Thursday, July 08, 2010

Do Svidaniya Russian Spies (You Too Anna Chapman?!)? UPDATE: All 10 Plead Guilty

It looks like the rumored deal to swap the 10 Russian spies captured in the US for a US spy that the Russians had incarcerated for six years is underway.
The advocate, Ernst Chyorny, said Mr. [Igor V.] Sutyagin – who has served 10 years of a 14-year sentence for espionage — had called his father from Vienna, where he was met by a British officer. Family members who met with Mr. Sutyagin this week in Moscow said he had been informed he would be transported through Vienna to Britain, where he would be freed. Mr. Sutyagin’s mother, a chemical engineer in a scientific community outside Moscow, rushed home from work when she heard the news.

“So far I don’t know what happened,” said the mother, Svetlana Y. Sutyagina. “I am in a state of suspense.”

The reported exchange was not confirmed by Russian or American officials on Thursday, though anticipation had built throughout the day.

The scientist’s lawyer, Anna Stavitskaya, said Mr. Sutyagin had verbally agreed to an exchange during a meeting with Russian officials who he believed were from Russia’s Foreign Intelligence Service, or S.V.R., and that Americans had also been present at the meeting.

Her comments followed reports from Washington on Wednesday that just days after the F.B.I.’s sensational dismantling of a Russian spy ring, the American and Russian authorities were negotiating an exchange of some or all of the 10 espionage suspects for prisoners held in Russia, including Mr. Sutyagin.
The deal may involve guilty pleas from the 10 Russian spies, including the honey pot Anna Chapman. MSNBC is reporting that this is going to end up being an 11 for 11 swap.
Relatives of Sutyagin, a nuclear researcher serving a 14-year sentence for spying for the United States, said he had told them he was going to be one of 11 convicted spies in Russia who would be freed in exchange for 11 people charged by the United States with being Russian agents.

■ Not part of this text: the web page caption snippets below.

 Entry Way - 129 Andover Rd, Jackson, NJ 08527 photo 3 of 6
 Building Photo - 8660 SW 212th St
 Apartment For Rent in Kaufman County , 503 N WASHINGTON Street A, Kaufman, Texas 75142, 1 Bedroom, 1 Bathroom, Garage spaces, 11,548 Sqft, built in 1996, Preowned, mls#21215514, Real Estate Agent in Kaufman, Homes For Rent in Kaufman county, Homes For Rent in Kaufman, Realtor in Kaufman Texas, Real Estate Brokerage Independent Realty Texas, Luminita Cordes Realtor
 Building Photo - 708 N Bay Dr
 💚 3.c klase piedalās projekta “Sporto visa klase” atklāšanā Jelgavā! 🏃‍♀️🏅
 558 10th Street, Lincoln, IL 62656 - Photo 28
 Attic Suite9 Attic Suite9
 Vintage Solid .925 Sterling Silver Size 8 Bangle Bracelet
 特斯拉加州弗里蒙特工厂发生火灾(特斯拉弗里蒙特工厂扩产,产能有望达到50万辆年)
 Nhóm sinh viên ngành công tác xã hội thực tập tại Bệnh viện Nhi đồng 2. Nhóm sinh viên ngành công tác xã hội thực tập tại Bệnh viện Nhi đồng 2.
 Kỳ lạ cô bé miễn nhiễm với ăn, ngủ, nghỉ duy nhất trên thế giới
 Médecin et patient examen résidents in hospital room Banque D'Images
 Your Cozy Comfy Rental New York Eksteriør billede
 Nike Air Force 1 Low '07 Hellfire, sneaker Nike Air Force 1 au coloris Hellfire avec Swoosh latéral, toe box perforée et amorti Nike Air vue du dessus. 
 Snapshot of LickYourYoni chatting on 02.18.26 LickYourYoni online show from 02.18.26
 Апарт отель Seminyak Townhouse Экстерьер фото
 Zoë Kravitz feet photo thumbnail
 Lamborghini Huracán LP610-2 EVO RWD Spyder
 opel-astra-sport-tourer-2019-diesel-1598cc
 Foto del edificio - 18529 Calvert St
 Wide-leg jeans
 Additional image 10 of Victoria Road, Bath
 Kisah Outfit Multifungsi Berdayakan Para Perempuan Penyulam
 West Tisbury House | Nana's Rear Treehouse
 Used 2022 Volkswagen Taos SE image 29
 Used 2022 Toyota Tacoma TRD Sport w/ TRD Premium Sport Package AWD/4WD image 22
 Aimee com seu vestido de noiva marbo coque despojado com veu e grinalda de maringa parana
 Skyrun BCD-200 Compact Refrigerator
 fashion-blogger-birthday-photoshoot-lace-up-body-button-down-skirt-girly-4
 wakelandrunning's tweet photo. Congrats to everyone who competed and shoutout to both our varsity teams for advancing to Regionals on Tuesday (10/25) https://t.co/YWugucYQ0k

Speculation swirled around the possible swap even as Russian and U.S. officials refused to directly comment on any possible exchange.
The various Russian spies are being moved to New York for what appears to be final disposition in the case - entering guilty pleas and sentencing. Those spies arrested in Virginia and Boston are being transferred to New York, joining Chapman and the others.

Federal judge Kimba Wood had signed an order yesterday requiring El Diario columnist Vicky Pelaez, Juan Lazaro's wife and fellow codefendant, remain detained until the judge can hear an appeal by the prosecutors over the $250,000 bail package approved last week (the other defendants were denied bail and considered flight risks after an 11th alleged spy jumped bail in Cyprus). It's not clear whether how the pending spy swap will handle Pelaez's situation.

Prosecutors have announced that all 10 alleged Russian spies will plead guilty to charges that they were unregistered agents in the US. That includes the hyperventilating Vicky Pelaez and her husband Juan Lazaro. However, that doesn't mean that all of them want to return to Russia - and that includes the NJ couple that had two kids (a further complication).

The criminal penalty for that charge is up to 5 years in prison.

We now know the true identity of four of the 10 Russian spies.
In entering their guilty pleas, five of the 10 revealed their real Russian names publicly for the first time. The couple known as Richard and Cynthia Murphy gave their names to the court as Vladimir and Lydia Guryev, and the couple who called themselves Donald Howard Heathfield and Tracey Lee Ann Foley said their real names were Andrey Bezrukov and Elena Vavilova. The defendant known as Juan Lazaro said he was Mikhail Anatonoljevich Vasenkov.
The interesting thing about this case is how quickly the feds got guilty pleas and how quickly the defendants admitted to their guilt. That would seemingly indicate that the case against them was quite strong, which makes one wonder just how much more intel could be gleaned from further inquiry. At least one Russian expert thinks that the catch and turnover was too quick to do a thorough debriefing of the spies to get as much intel as possible about tactics and methods.